Recently, two clinical trials have reported 10-year efficacy data that serve as useful comparisons to this real-world analysis. The PREMIER [25] and DE019 [26] trials both evaluated the efficacy and safety of adalimumab treatment in combination with MTX. Both trials involved a study population with a higher representation of females (around 74%) and an average age of 53 years. The PREMIER and DE019 trials demonstrated that long-term treatment with adalimumab and MTX offered good disease control over 10 years of follow-up. Comparable to the results of the Corrona analysis, the improvement of clinical characteristics and PROs in the trials peaked within the first year of treatment initiation, with a subsequent plateau. Although our study did not follow patients to determine outcomes after discontinuation of adalimumab therapy, other studies have shown that patients who discontinue treatment with TNF inhibitors have an increase in the number of flares and are less likely to maintain low disease activity [33, 34]. It should be noted that patients enrolled in randomized clinical trials are selected because they have fewer significant comorbidities and fulfill very strict inclusion criteria, which may not reflect the real-world population. In contrast, disease-based registries, such as Corrona, include patients with various comorbidities no matter how severe and concomitant medications can be more readily adjusted as needed in registry patients. Thus, patients in Corrona are more representative of the general population than patients participating in randomized, controlled clinical trials, making it more likely that the persistent benefits seen with long-term adalimumab treatment will also be observed in the general population. Similar observational results focusing on long-term effectiveness have been reported in the literature reporting persistence between 22% and 41% by 3 years, but these studies did not observe patients for the length of time ours did [35, 36]. A multitude of other observational and registry derived data are available which either followed patients for fewer years [37] or had followed considerably fewer patients [38].

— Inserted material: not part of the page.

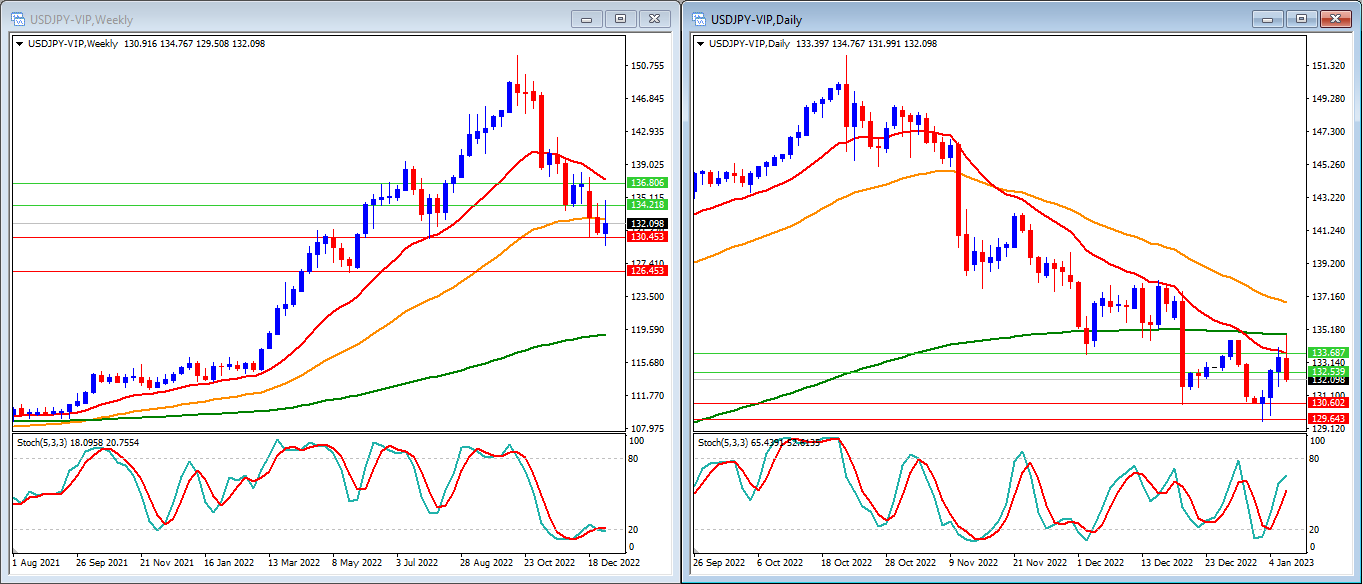 Graphical user interface, chart, application, histogram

A key strength of this study is the large number of patients enrolled in Corrona and the ability to capture medication use (including initiation and discontinuation), clinical outcomes, and PROs over time. Another strength of using registry data is that all patients treated with adalimumab were included regardless of the presence of comorbidities or minimal disease activity measures typical of randomized controlled trials or phase 4 follow-up of these same patients. Limitations of the use of registry data must be kept in mind when interpreting the results of this study. Specifically, the registry is limited in terms of data collection at times of office visits and by the frequency of reporting (3–6 months intervals between visits). There is also an obvious channeling bias as patients who respond well without toxicity are more likely to remain on treatment. Thus, there may be unidentified confounding factors associated with this analysis. In the initial versions of the Corrona questionnaires, reasons for discontinuation of therapy were not always collected. Having all of the reasons for discontinuation available would give a more complete picture of why some patients discontinue adalimumab while having relatively good control of their disease and whether insurance concerns or patient preference, decreased adherence, or safety concerns played a role in the decision process. Future studies need to focus on evaluating factors associated with longer persistency and better outcomes in a real-life population and identifying patient and disease characteristics that increase the persistency and effectiveness of adalimumab in the long-term.

Conclusions

Results of this real-world analysis show that adalimumab offers satisfactory disease control in the majority of patients and that long-term disease control is achieved for a proportion of patients. These findings support the role of adalimumab in achieving treat-to-target goals and maintaining long-term disease control for patients with RA and are consistent with long-term results observed in clinical trials.